Midland is mostly style, and this is a fair concern. But a few songs like “I Love You, Goodbye” and the final track “Roll Away” dig a little deeper, or at least try to. It’s also fair to point out that they could have gone contemporary with their second record now that they’re popular, and didn’t. But when considering the music as a whole, and not on a sliding scale due to it emanating from the mainstream, it’s still pretty thin, and somewhat dependent on the flashy promo photos, throwback garb, and marketing push to create a full bodied experience. Kacey Musgraves can write circles around these guys, and they couldn’t even get juried into something like AmericanaFest. Yet they’re still leagues ahead of many of their mainstream contemporaries.
The effort to save country music must be a pragmatic one. Classic country like the stuff Midland is peddling has become a hot commodity in the mainstream and beyond in the last couple of years, and don’t question for a second that Midland and their big radio singles haven’t been a catalyst for this positive development. As much as Midland might overshadow authentic Austin honky tonk bands like Mike and the Moonpies, Dale Watson and his Lonestars, or Croy and the Boys (who just released their own record), they also might become a bridge for those who like what they hear to start digging for something a little deeper and more authentic.
There is some fat on Let It Roll. It could be trimmed down to 10 songs easily, and some of the refrains and arrangements on certain songs don’t really work as intended. And with a band like Midland, it’s essential to point out that most of the magic is being done by the guys on the backline being paid a salaries as opposed to royalties. Midland is the Monkees of country music. But The Monkees did a pretty good job bringing all those Neil Diamond-penned songs to life if we’re being honest.

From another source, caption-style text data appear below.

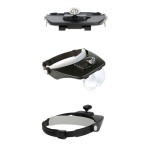 Lentes Lupa 4 Aumentos Luz Led Para Trabajos De Precisión - Image 3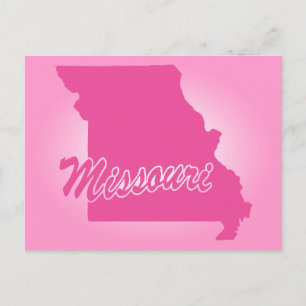 Missouri-vykort i rosa vykort
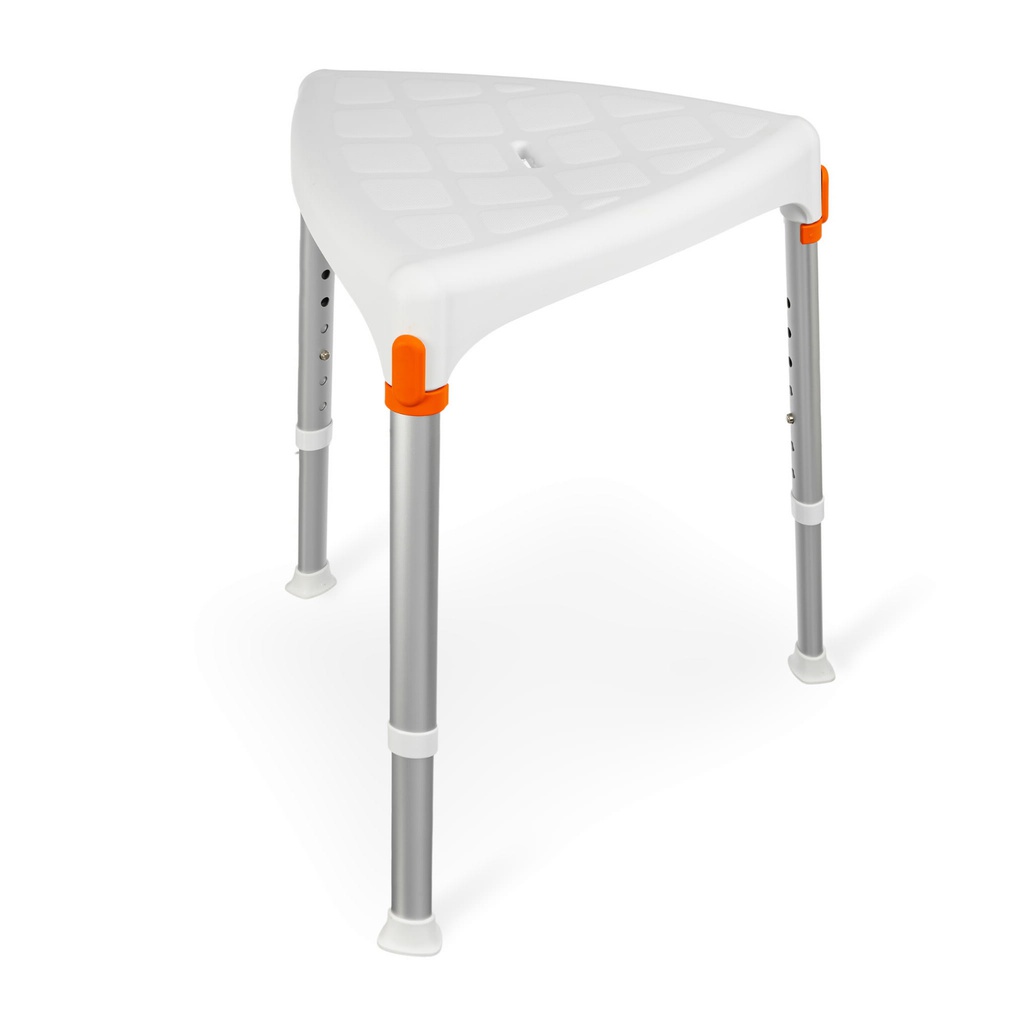 Tabouret de douche triangulaire réglable Home Triango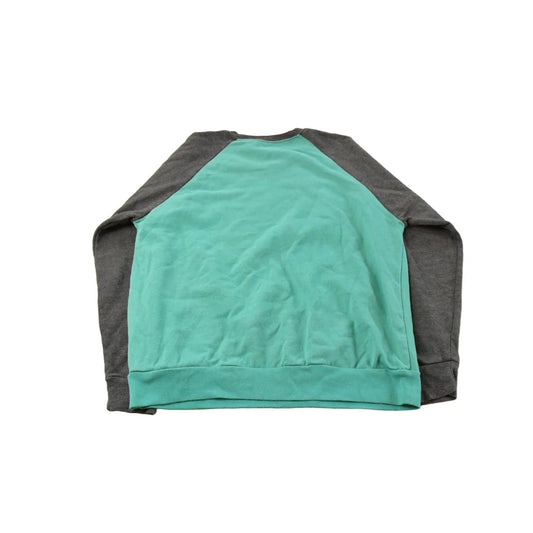 Vintage 2000s Green Blank Raglan Crewneck Sweatshirt Men's L from propervintagecanada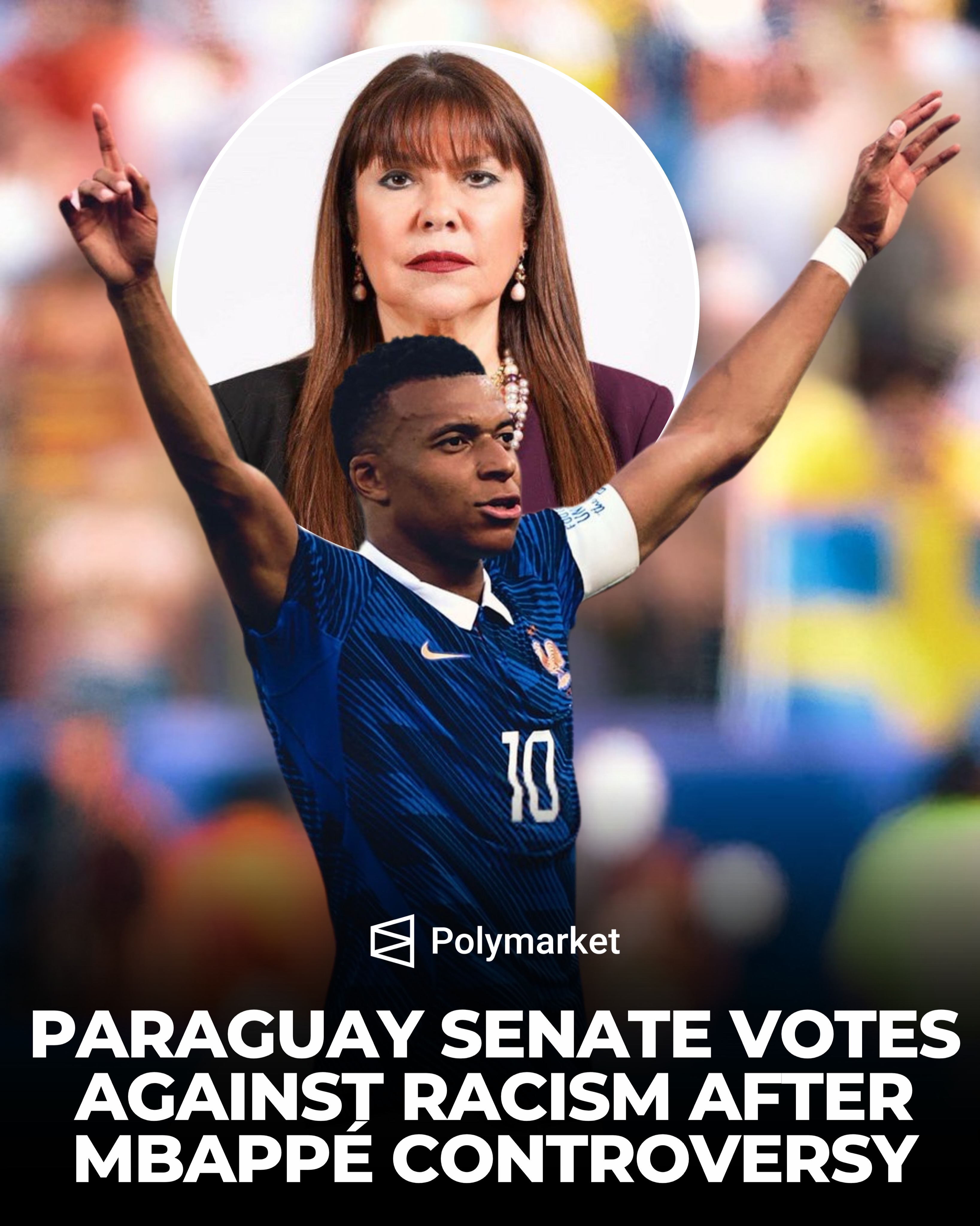 🚨🚨😳 BREAKING: After FIVE hours of debate, Paraguay’s Senate passed a majority vote motion condemning senator Celeste Amarilla’s racist remarks about Kylian Mbappé and rejecting all forms of racism & discrimination.

The Senate also said that Amarilla’s comments do NOT represent the position of the Paraguay National Chamber.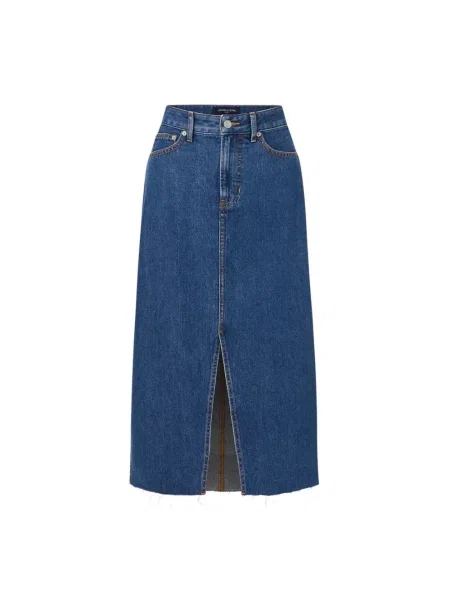 Spódnica maxi Veronica Beard do kolan niebieska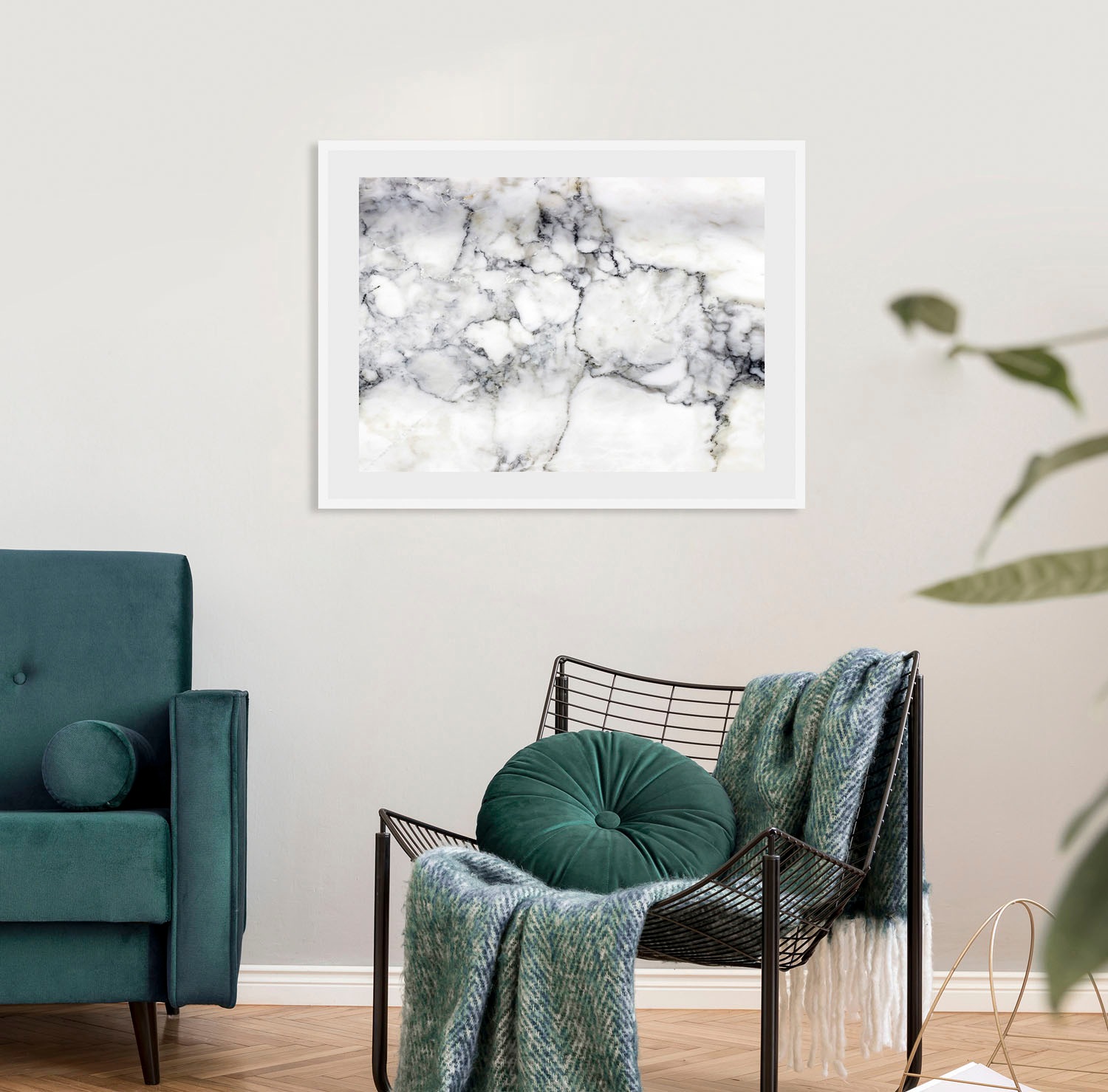 queence Bild »Grauer Marmor«, Abstrakt-Marmor, (1 St.), HD Premium Poster-D günstig online kaufen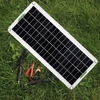 Panneau solaire flexible de panneau solaire polycristal 30W pour la voiture de camping voyageant l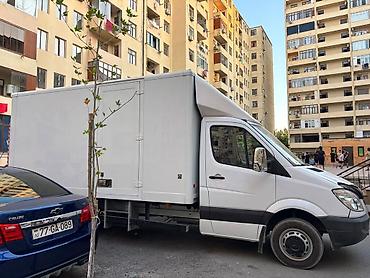 аренда грузового авто: Yükdaşıma xidməti - Ağ rəngli, iri həcmli furqon kuzov(4.30 m — 2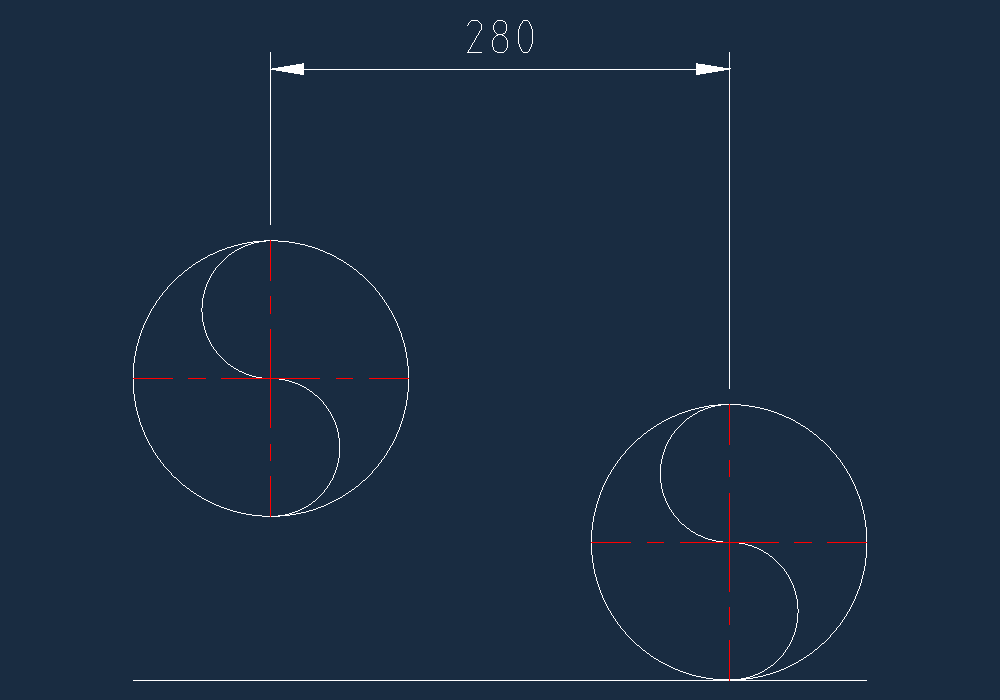 pipe drawing with default layers on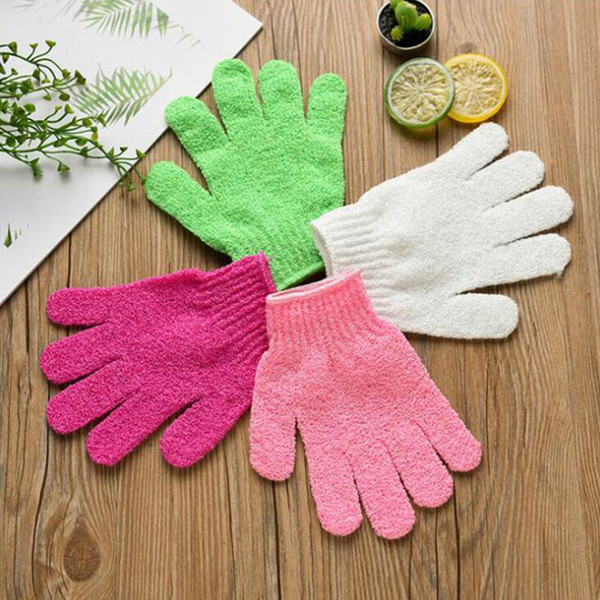 2018 Moisturizing Spa Skin Care Cloth Bath Glove Exfoliating Gloves Cloth Scrubber Face Body Bath Gloves CCA7794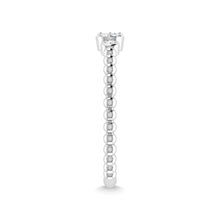14K White Gold Diamond 1/10 Ct.Tw. Fashion Ring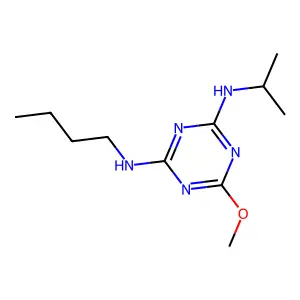 s-Triazine, 2-(butylamino)-4-(isopopylamino)-6-methoxy- structure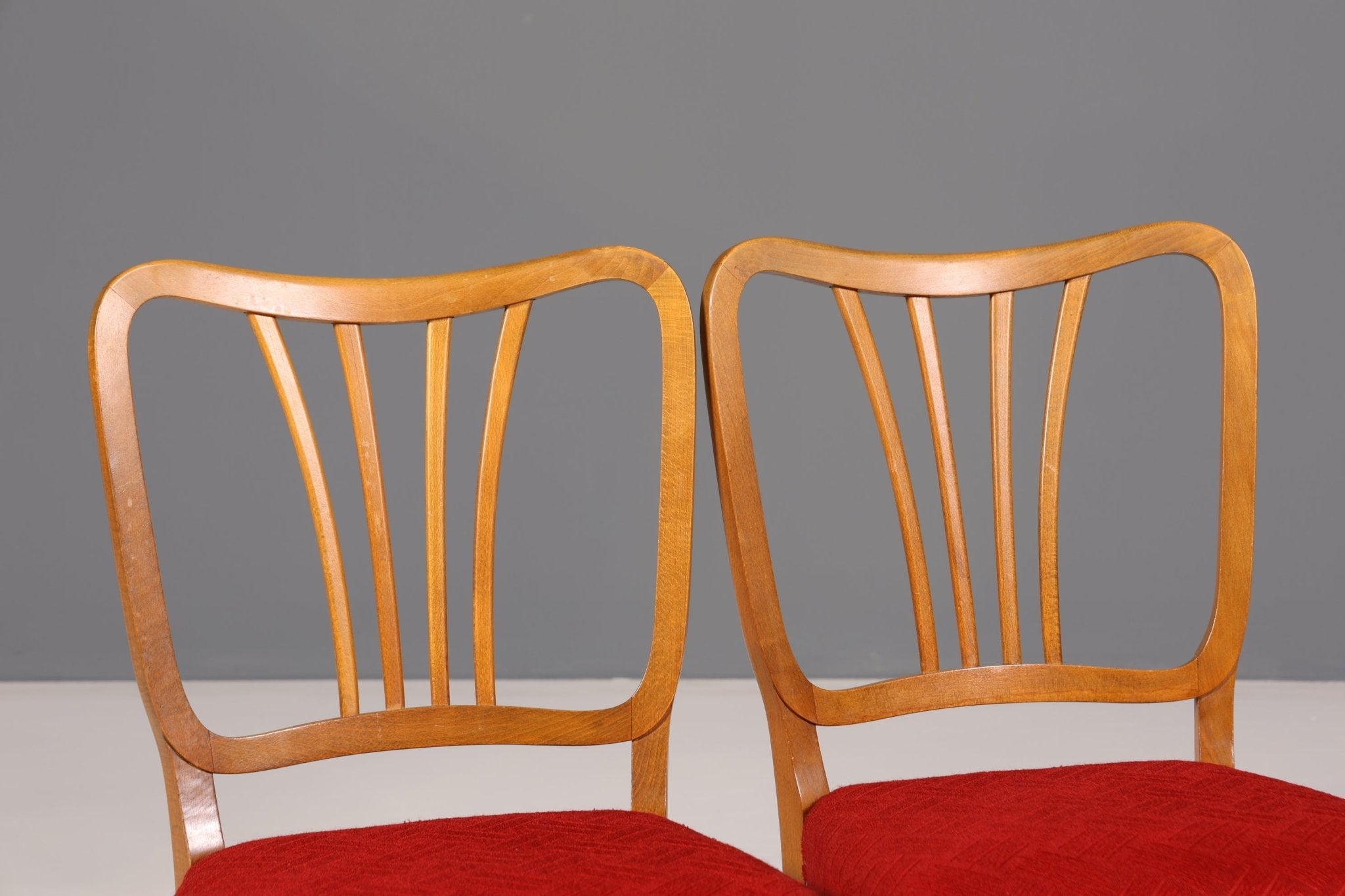 4x Wunderschöne Stühle um 1940 Art Deco Stil Küchenstühle Esszimmer Stühle Stuhl Set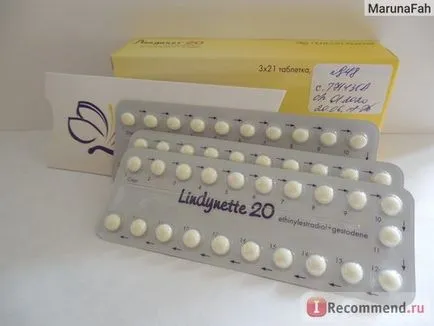 Contraceptive Gedeon Richter lindinet 20 - „cum să vă scape de emoții sfaturi inutile! 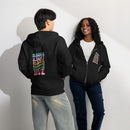 Rescue adopt educate advocate love black zip up hoodie sweatshirt for women men cotton recycled polyester
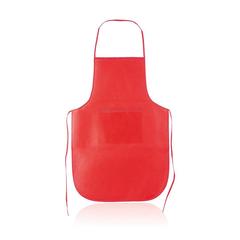 Vue Tablier Chef de couleur rouge| Krokrodeal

There should be no forgiveness for Midland and their naked plays to piggy back off the authenticity of actual Austin honky tonk bands until they ask for it, and the marketing run up to the release of Let It Roll was not much better than with their debut record. But if country music is ever going to be saved, the mainstream must also be conquered, and it’s going to take savvy marketers like the ones behind Midland to help do it. These guys are still turds. But it’s time to bury the hatchet, to be the bigger people in the room, to recognize the good they’re doing and the quality behind their efforts beyond the qualifiers, and say, “If you want to help make classic country cool again, fine by us.”
Midland will never be the authentic Austin honky tokers they tout themselves to be. But they can be authentic to themselves, which is the challenge we all face when trying to find ourselves, when trying to win acceptance from the world at large, while also trying to carve out our unique place in it. And if they did, it would allow their music to reach an even wider audience of true country fans who want to like their music through all the trepidation. Because the music is there.